Não consigo aceitar.

Por isso insisti em encontrar a Stella. Já não pretendia fazer nada pela Lillian. Minha única preocupação agora era minha mãe.

Stella arqueou uma sobrancelha, um sorriso de deboche nos lábios. "Você está me implorando?"

Jonathan assentiu. "Sim, estou implorando. O que você quiser, só deixe nossa mãe em paz. Ela sempre pareceu bem-sucedida todos esses anos, mas por dentro, tem sido infeliz. Você mesma viu. Nosso pai foi infiel, e ela sempre viveu insegura. Ela é uma mulher digna de pena."

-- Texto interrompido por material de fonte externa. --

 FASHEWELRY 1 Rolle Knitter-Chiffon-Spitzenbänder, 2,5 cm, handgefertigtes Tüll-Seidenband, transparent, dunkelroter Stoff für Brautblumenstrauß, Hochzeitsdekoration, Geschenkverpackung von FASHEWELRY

Na mente de Jonathan, ele sempre soube dos casos de Patrick ao longo dos anos. Por isso, via Susan como uma vítima.

Uma mulher presa entre as paredes de uma grande casa, incapaz de suportar as turbulências familiares. Agora, com a família em ruínas, ela enfrentava essa queda.

Stella respondeu: "Digna de pena? E o que isso tem a ver comigo?"

Susan, digna de pena? Grande parte do sofrimento dela foi causado por ela mesma.

Cega, ingênua, incapaz de julgar o caráter dos outros, e teimosa.

As pessoas a alertaram inúmeras vezes de que Lillian não era uma boa pessoa. Susan deve ter ouvido isso tantas vezes que seus ouvidos ficaram calejados.

Mesmo assim, ela se recusou a ouvir. Quem ela pode culpar?